Demirer T, Ilhan O, Arat M, Genç Y, Ozcan M, Dalva K, Celebi H, Beksaç M, Akan H, Gürman G, Konuk N, Uysal A, Arslan O, Koç H
Department of Hematology and Bone Marrow Transplantation Unit, Ankara University Medical School, Ibn-i Sina Hospital, Sihhiye, Ankara, Turkey.
J Clin Apher. 2001;16(2):67-73. doi: 10.1002/jca.1015.
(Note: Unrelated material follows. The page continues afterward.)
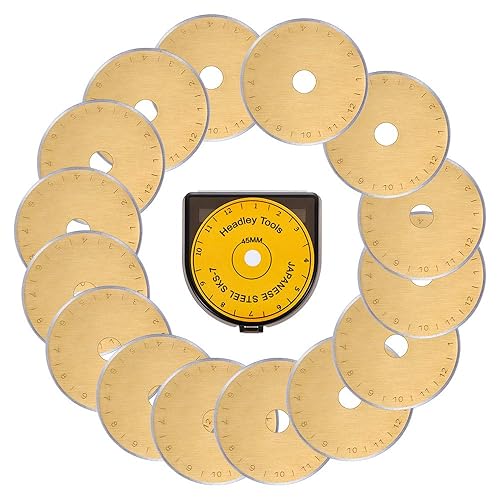 HEADLEY TOOLS Titanium Coated 45mm Rotary Cutter Blades 15 Pack Fits Olfa, Fiskars, Replacement Rotary Blade for Arts Crafts Quilting Scrapbooking Sewing, Sharp and Durable - 45mm 15pcs (Titanium Plating)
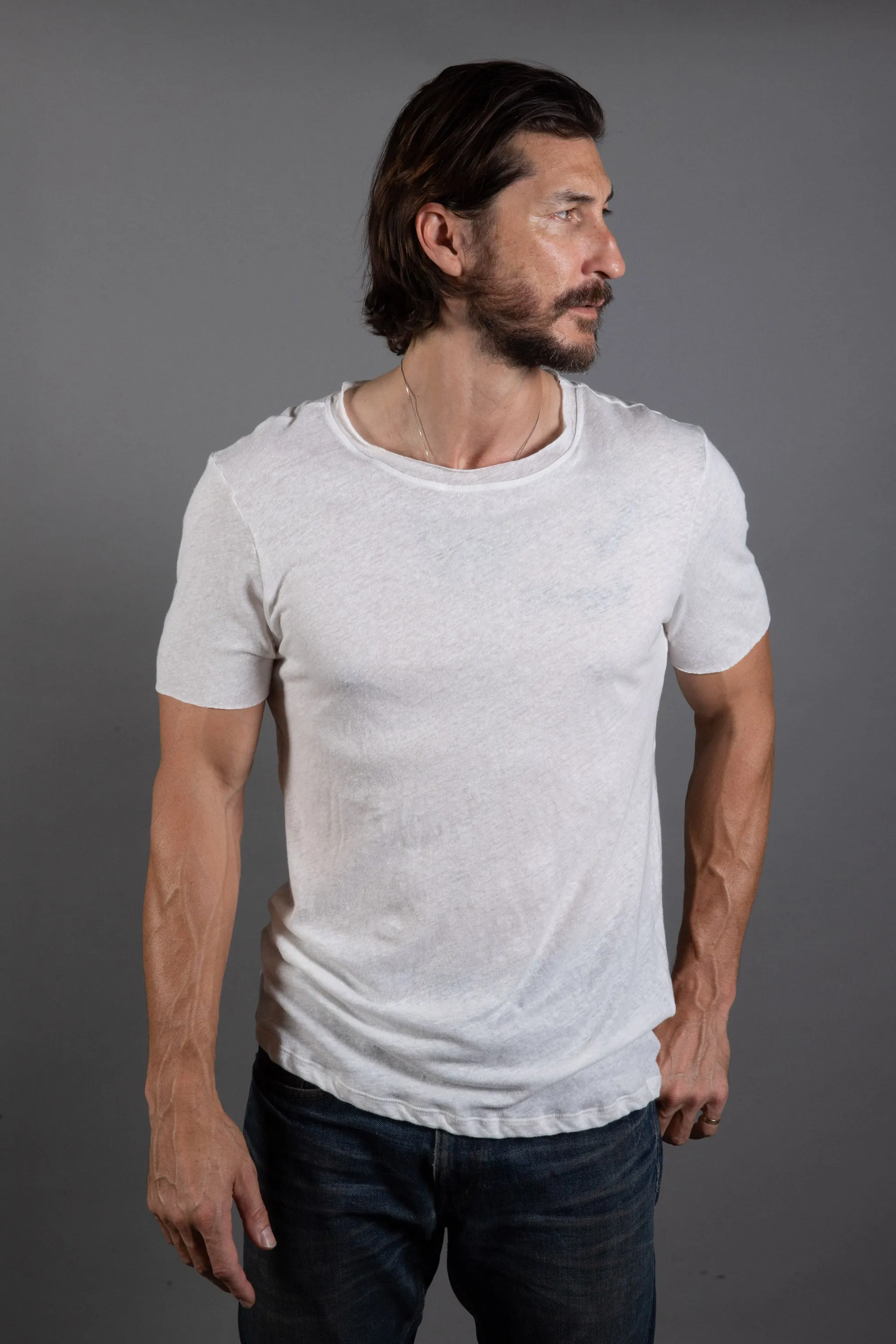 Mens Cotton Linen Wallace Crew Tee with Raw Neck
The objective of this study was to quantify subpopulations of CD34+ cells such as CD41+ and CD42+ cells that might represent megakaryocyte (MK) precursors in peripheral blood stem cell (PBSC) collections of normal, recombinant human granulocyte-colony stimulating factor (rhG-CSF) primed donors and to determine whether there is a statistical association between the dose infused megakaryocytic precursors and the time course of the platelet recovery following an allogeneic PBSC transplantation. Twenty-six patients with various hematologic malignancies transplanted from their HLA identical siblings between July 1997 and December 1999 were used. All patients except one with severe aplastic anemia who had cyclophosphamide (CY) alone received busulfan-CY as preparative regimen and cyclosporine-methotrexate for GVHD prophylaxis. Normal healthy donors were given rhG-CSF 10 microg/kg/day subcutaneously twice daily and PBSCs were collected on days 5 and 6. The median number of infused CD34+, CD41+ and CD42+ cells were 6.61 x 10(6)/kg (range 1.47-21.41), 54.85 x 10(4)/kg (5.38-204.19), and 49.86 x 10(4)/kg (6.82-430.10), respectively. Median days of ANC 0.5 x 10(9)/L and platelet 20 x 10(9)/L were 11.5 (range 9-15) and 13 (8-33), respectively. In this study, the number of CD41+ and CD42+ cells infused much better correlated than the number of CD34+ cells infused with the time to platelet recovery of 20 x 10(9)/L in 26 patients receiving an allogeneic match sibling PBSC transplantation (r = -0.727 and P < 0.001 for CD41+ cells, r = -0.806 and P < 0.001 for CD42+ cells, r = -0.336 and P > 0.05 for CD34+ cells). There was an inverse correlation between the number of infused CD41+ and CD42+ cells and duration of platelet engraftment. Therefore, as the number of CD41+ and CD42+ cells increased, duration of platelet engraftment (time to reach platelet count of > or = 20 x 10(9)/L) shortened significantly. Based on this data we may conclude that flow cytometric measurement of CD41+ and CD42+ progenitor cells may provide an accurate indication of platelet reconstitutive capacity of the allogeneic PBSC transplant.
本研究的目的是对正常供者、重组人粒细胞集落刺激因子(rhG-CSF)动员的外周血干细胞(PBSC)采集中可能代表巨核细胞(MK)前体的CD34+细胞亚群(如CD41+和CD42+细胞)进行定量,并确定输注的巨核细胞前体剂量与异基因PBSC移植后血小板恢复的时间进程之间是否存在统计学关联。研究使用了1997年7月至1999年12月间从其HLA配型相同的同胞处接受移植的26例各种血液系统恶性肿瘤患者。除1例严重再生障碍性贫血患者仅接受环磷酰胺(CY)治疗外,所有患者均接受白消安-CY作为预处理方案,并使用环孢素-甲氨蝶呤预防移植物抗宿主病(GVHD)。正常健康供者皮下注射rhG-CSF 10μg/kg/天,每日2次,在第5天和第6天采集PBSC。输注的CD34+、CD41+和CD42+细胞的中位数分别为6.61×10⁶/kg(范围1.47 - 21.41)、54.85×10⁴/kg(5.38 - 204.19)和49.86×10⁴/kg(6.82 - 430.10)。中性粒细胞计数达到0.5×10⁹/L和血小板计数达到20×10⁹/L的中位天数分别为11.5天(范围9 - 15天)和13天(8 - 33天)。在本研究中,接受异基因匹配同胞PBSC移植的26例患者中,输注的CD41+和CD42+细胞数量与血小板恢复至计数20×10⁹/L的时间的相关性,比输注的CD34+细胞数量与该时间的相关性更好(CD41+细胞:r = -0.727,P < 0.001;CD42+细胞:r = -0.806,P < 0.001;CD34+细胞:r = -0.336,P > 0.05)。输注的CD41+和CD42+细胞数量与血小板植入持续时间呈负相关。因此,随着CD41+和CD42+细胞数量增加,血小板植入持续时间(达到血小板计数≥20×10⁹/L的时间)显著缩短。基于这些数据我们可以得出结论,流式细胞术检测CD41+和CD42+祖细胞可能为异基因PBSC移植的血小板重建能力提供准确指标。